**Your objective**
Go through the following data and transcribe exactly the stretch of lines from the one holding "Смеситель для раковины" to the one holding "Calvin Klein Jeans", both included.

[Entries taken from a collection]
----

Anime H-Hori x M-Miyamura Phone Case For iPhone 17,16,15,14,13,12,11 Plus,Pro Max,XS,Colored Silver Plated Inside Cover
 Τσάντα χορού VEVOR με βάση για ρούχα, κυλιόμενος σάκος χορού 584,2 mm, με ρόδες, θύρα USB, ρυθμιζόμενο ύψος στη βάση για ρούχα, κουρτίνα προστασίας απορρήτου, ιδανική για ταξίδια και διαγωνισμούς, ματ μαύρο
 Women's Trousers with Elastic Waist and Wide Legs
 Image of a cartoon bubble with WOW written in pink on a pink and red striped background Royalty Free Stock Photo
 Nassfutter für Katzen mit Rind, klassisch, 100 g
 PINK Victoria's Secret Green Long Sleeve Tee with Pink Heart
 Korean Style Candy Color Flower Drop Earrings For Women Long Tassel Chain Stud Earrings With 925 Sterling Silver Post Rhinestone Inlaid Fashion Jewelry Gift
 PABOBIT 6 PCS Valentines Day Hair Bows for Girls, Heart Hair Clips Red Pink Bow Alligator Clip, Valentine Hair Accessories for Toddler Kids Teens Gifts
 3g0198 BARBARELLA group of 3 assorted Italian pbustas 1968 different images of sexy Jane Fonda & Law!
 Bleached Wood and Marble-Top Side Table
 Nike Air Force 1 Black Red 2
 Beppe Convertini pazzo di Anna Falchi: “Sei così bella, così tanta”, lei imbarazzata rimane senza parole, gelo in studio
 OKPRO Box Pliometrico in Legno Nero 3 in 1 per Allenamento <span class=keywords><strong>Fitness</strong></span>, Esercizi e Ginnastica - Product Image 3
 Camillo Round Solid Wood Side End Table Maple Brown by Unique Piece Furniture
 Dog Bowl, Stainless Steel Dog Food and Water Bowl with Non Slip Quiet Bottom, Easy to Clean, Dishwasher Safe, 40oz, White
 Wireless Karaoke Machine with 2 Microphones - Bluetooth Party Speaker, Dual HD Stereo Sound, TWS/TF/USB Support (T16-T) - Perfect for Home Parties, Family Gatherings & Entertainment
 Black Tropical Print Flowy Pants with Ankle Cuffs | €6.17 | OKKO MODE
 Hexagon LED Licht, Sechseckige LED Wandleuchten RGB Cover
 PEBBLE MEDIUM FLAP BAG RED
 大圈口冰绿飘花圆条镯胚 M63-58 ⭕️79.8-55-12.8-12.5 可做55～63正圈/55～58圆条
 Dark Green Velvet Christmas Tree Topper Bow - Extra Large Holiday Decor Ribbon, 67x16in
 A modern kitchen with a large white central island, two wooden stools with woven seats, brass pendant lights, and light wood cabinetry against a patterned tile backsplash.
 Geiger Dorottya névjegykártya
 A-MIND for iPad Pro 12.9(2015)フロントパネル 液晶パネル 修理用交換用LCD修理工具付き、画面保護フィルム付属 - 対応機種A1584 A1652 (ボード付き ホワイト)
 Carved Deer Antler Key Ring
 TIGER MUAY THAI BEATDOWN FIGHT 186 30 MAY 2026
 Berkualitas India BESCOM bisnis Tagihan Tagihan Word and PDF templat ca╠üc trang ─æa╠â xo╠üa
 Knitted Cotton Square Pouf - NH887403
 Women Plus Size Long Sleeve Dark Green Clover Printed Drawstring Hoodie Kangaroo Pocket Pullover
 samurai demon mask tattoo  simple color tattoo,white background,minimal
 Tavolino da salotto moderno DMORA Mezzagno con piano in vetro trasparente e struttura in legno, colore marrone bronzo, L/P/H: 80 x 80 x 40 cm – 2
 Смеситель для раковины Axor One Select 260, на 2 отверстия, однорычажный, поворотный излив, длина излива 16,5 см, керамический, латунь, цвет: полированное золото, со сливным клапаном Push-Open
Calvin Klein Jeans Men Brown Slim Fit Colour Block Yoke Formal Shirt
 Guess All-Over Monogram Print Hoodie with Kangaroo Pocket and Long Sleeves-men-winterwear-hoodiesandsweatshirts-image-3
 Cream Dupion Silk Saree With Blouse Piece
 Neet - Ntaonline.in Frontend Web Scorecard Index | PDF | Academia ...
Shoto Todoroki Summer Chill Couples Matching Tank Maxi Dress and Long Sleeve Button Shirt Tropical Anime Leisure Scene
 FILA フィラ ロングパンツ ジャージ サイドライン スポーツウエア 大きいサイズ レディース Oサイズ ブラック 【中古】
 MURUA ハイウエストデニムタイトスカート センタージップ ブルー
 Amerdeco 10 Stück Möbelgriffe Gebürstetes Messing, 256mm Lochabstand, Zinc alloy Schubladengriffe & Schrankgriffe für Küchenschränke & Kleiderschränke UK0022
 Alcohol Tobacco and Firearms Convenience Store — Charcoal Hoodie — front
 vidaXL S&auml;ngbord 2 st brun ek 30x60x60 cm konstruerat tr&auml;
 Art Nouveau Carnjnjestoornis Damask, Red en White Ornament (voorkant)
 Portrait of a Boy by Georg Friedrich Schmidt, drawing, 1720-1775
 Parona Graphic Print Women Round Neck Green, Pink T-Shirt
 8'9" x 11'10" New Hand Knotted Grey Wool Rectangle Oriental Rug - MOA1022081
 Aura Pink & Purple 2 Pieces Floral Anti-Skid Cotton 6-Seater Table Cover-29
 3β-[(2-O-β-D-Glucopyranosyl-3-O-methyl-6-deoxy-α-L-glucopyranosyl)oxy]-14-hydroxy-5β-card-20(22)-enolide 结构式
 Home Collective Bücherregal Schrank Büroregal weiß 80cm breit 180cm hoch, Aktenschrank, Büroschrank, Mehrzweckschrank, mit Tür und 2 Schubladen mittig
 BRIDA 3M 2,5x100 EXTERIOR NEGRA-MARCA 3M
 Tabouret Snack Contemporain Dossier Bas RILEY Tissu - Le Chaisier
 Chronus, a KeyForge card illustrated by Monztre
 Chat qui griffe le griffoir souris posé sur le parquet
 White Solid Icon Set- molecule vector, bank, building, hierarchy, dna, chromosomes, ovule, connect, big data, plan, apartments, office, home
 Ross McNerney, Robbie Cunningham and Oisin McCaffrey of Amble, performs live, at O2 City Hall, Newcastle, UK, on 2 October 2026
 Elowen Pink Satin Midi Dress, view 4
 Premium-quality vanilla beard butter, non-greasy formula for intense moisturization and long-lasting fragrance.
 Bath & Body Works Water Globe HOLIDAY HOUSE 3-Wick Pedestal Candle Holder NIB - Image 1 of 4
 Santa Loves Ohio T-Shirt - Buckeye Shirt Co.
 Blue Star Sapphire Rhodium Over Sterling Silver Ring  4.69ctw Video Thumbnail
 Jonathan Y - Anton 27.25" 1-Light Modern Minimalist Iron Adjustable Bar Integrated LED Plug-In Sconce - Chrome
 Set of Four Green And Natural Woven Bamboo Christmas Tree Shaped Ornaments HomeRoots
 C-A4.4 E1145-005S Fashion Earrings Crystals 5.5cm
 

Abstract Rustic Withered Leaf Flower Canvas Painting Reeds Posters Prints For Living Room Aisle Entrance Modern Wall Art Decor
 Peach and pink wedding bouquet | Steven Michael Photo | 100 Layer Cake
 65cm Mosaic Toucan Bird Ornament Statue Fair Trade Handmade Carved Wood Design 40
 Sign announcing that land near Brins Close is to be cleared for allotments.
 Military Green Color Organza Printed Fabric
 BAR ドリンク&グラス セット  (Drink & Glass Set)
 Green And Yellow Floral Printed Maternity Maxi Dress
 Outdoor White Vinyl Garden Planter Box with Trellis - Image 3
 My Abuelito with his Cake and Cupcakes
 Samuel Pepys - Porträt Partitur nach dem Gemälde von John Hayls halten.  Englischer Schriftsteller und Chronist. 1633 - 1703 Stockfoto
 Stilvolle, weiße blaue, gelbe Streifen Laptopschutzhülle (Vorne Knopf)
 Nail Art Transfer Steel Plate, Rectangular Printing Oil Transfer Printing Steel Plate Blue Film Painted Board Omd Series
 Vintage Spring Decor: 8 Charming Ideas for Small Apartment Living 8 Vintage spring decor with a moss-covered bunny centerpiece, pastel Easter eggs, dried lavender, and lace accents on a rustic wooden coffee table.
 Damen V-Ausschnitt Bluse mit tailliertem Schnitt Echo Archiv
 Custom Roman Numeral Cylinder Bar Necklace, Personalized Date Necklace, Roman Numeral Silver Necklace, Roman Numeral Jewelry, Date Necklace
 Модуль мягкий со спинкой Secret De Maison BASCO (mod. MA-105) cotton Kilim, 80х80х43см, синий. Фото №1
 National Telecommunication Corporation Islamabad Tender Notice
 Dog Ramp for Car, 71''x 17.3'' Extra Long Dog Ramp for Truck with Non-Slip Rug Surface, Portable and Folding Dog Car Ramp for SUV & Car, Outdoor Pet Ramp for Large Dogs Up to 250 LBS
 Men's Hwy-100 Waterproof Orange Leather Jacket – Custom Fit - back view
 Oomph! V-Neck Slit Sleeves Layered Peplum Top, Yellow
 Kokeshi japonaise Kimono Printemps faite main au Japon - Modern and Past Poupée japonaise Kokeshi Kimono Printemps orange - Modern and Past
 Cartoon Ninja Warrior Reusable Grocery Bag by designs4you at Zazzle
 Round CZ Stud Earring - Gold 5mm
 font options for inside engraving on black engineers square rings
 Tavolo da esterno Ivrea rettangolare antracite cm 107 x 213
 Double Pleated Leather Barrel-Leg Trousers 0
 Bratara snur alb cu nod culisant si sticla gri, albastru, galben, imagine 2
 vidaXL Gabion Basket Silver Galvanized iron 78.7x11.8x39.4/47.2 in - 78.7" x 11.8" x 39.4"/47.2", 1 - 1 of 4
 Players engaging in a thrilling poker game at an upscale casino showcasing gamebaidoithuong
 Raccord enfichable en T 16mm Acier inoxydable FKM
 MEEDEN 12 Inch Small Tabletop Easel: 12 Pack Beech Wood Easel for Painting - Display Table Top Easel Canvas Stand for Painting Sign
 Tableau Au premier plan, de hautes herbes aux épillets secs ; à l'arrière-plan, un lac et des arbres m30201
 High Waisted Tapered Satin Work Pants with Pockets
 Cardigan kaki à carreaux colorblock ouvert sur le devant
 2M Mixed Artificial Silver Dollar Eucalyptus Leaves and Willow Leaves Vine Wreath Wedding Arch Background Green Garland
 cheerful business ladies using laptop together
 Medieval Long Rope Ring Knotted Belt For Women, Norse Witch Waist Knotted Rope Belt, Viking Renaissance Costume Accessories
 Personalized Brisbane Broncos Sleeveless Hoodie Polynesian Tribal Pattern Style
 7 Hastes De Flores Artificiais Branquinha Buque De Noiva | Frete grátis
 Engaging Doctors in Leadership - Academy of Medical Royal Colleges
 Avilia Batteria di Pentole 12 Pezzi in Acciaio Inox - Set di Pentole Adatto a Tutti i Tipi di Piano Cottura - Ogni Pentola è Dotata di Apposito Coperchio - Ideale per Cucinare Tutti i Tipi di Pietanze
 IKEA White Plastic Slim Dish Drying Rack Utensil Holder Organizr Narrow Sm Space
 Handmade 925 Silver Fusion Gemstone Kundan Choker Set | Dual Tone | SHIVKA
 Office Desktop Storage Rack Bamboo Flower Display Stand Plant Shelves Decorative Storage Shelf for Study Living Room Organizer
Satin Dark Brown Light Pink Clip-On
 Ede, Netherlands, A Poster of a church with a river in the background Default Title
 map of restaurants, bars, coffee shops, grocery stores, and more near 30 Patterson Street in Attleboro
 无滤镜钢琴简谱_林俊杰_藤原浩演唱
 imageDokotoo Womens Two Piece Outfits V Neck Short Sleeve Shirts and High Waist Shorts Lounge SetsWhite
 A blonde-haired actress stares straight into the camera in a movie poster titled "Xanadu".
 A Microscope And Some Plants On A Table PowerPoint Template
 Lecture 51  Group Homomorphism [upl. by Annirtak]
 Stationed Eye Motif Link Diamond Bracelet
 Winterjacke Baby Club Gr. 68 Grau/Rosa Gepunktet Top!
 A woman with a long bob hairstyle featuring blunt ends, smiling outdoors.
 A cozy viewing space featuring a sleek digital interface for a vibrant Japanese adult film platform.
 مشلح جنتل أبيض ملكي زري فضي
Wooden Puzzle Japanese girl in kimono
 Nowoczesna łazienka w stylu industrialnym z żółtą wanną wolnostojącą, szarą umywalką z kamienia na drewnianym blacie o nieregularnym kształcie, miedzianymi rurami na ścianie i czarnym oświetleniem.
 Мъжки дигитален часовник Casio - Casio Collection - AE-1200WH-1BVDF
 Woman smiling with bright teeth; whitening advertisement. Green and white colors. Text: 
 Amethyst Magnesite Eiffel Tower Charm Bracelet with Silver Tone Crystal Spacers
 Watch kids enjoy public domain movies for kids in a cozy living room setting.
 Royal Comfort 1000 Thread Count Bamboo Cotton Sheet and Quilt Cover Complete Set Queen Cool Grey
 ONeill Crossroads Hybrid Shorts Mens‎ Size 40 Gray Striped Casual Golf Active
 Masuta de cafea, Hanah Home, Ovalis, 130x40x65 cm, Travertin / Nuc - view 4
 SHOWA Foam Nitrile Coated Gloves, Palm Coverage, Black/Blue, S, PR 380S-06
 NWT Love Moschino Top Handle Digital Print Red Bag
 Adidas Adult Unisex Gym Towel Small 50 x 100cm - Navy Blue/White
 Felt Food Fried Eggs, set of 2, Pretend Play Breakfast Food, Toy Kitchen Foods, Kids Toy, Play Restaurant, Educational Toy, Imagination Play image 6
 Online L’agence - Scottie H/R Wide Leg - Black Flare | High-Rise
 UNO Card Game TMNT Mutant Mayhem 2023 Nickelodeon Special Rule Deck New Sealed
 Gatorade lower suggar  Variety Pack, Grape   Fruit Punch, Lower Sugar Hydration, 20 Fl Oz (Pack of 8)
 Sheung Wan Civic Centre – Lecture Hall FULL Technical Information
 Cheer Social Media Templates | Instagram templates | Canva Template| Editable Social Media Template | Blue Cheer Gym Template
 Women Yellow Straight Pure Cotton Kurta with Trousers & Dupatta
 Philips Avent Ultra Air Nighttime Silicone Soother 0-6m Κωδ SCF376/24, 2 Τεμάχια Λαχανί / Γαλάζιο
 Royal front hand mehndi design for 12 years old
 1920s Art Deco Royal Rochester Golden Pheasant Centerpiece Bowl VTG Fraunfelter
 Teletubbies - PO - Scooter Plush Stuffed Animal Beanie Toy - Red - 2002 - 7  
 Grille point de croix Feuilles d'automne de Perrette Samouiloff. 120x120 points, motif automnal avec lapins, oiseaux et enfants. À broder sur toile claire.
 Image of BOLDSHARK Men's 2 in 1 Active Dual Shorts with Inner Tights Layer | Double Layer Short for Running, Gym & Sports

----

**Output of the task**
 Смеситель для раковины Axor One Select 260, на 2 отверстия, однорычажный, поворотный излив, длина излива 16,5 см, керамический, латунь, цвет: полированное золото, со сливным клапаном Push-Open
Calvin Klein Jeans Men Brown Slim Fit Colour Block Yoke Formal Shirt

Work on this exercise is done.